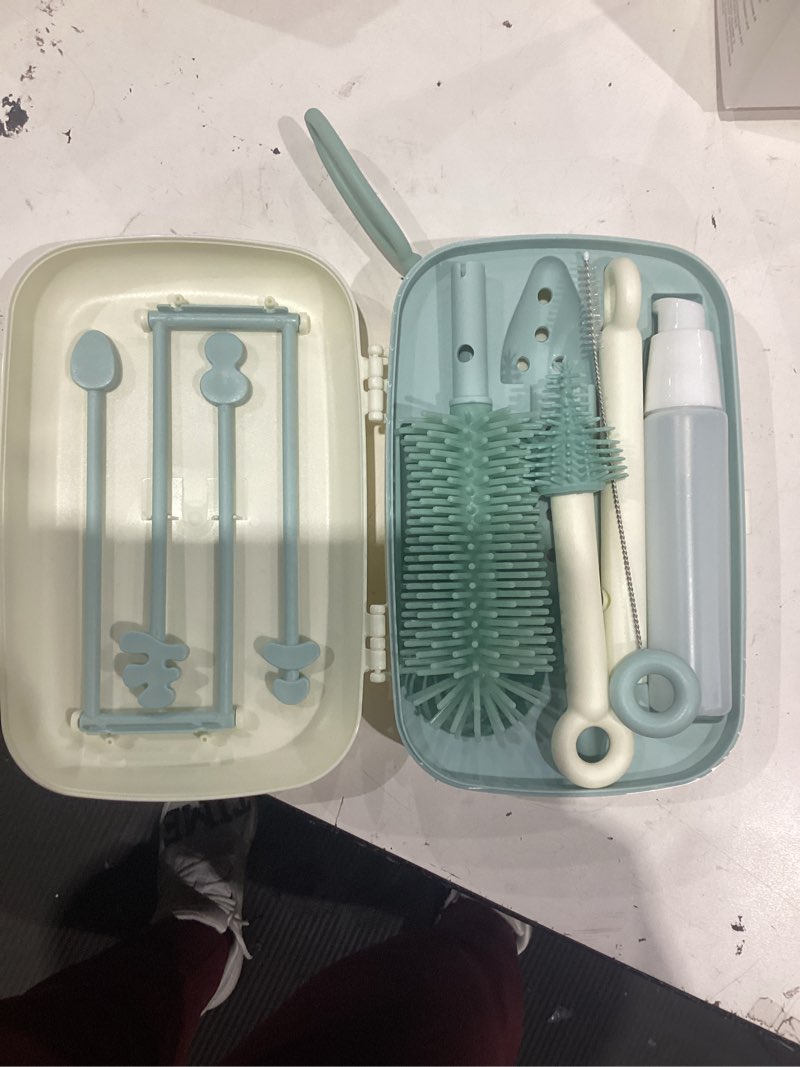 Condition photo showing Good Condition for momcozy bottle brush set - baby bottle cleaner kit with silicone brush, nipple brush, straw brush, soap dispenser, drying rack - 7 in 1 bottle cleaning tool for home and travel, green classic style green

==

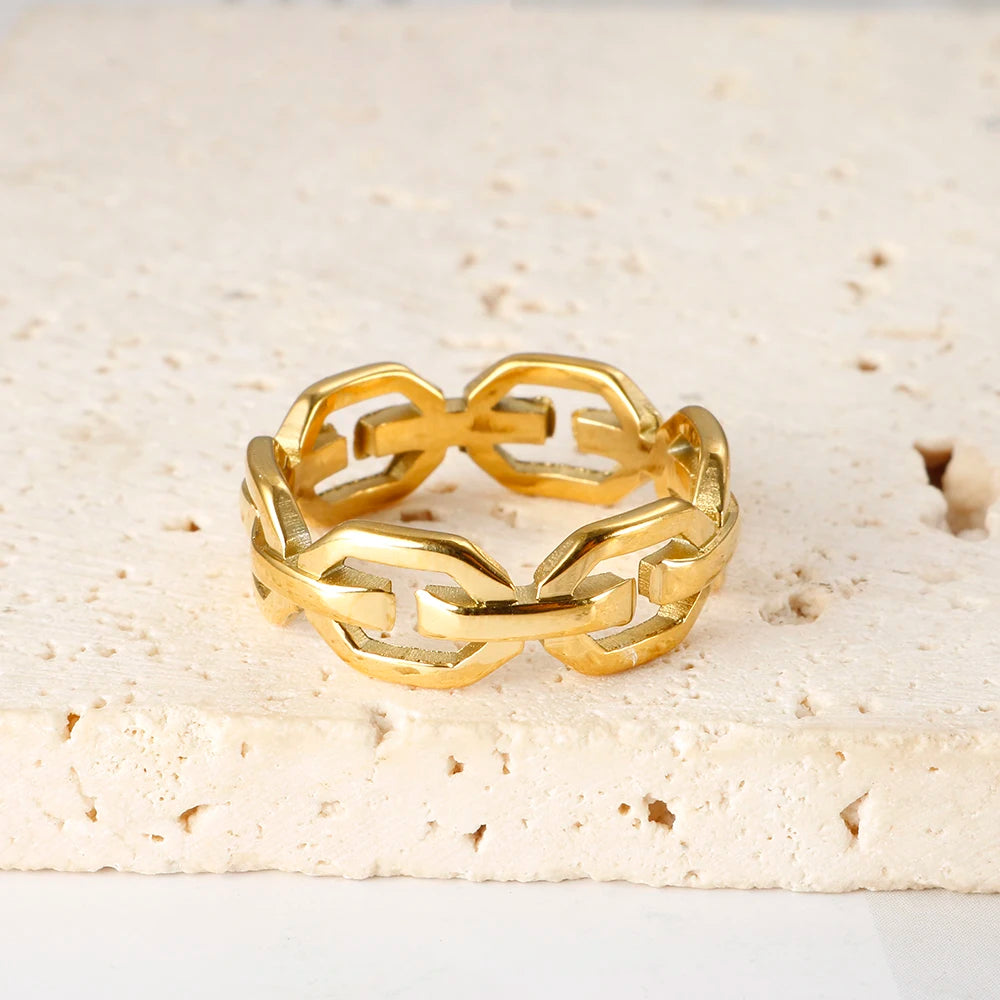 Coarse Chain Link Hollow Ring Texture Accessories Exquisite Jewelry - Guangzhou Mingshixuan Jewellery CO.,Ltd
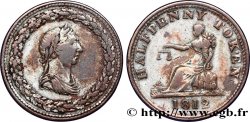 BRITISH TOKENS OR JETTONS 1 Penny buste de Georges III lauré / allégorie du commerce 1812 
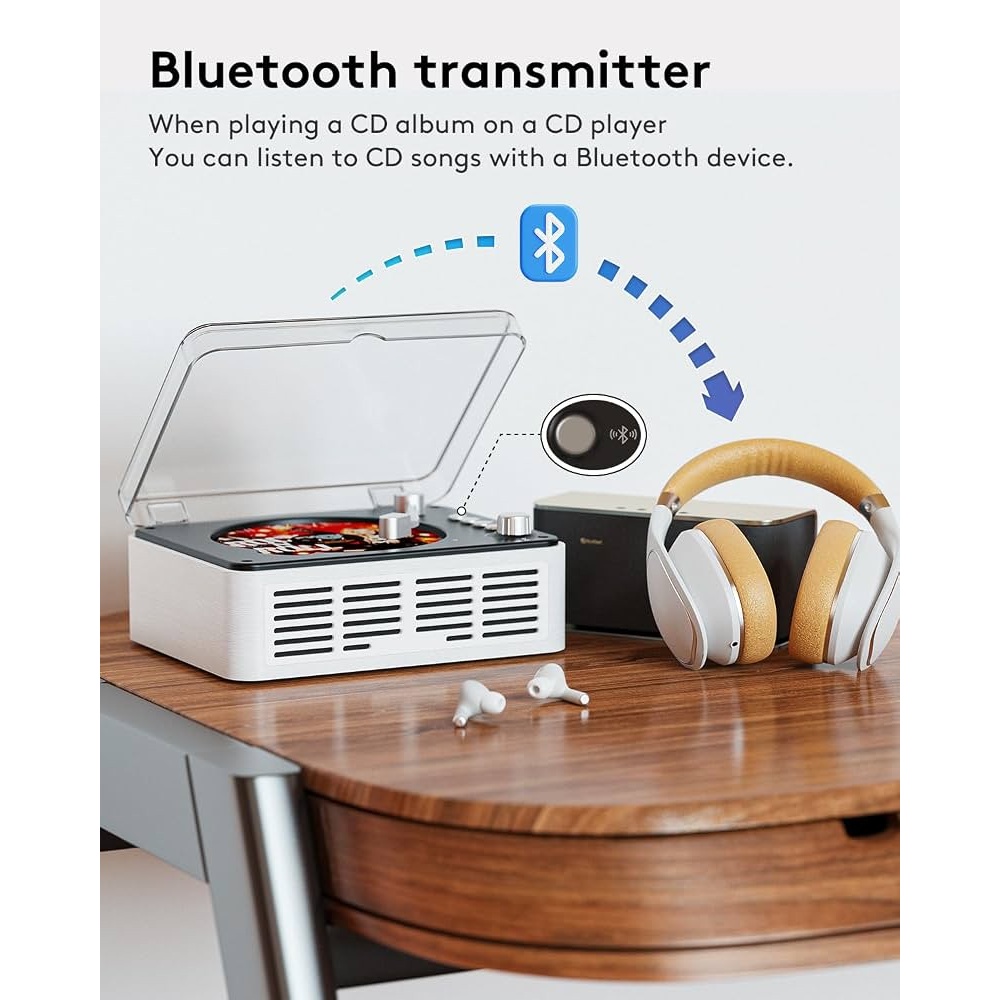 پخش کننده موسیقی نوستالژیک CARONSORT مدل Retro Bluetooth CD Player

Problem description - Going by the entries above, repeat exactly the lines that start at the line with "BRITISH TOKENS OR" and go on through the line with "پخش کننده موسیقی". Pictures are not part of the copy.

Result of the exercise -
 BRITISH TOKENS OR JETTONS 1 Penny buste de Georges III lauré / allégorie du commerce 1812 
 پخش کننده موسیقی نوستالژیک CARONSORT مدل Retro Bluetooth CD Player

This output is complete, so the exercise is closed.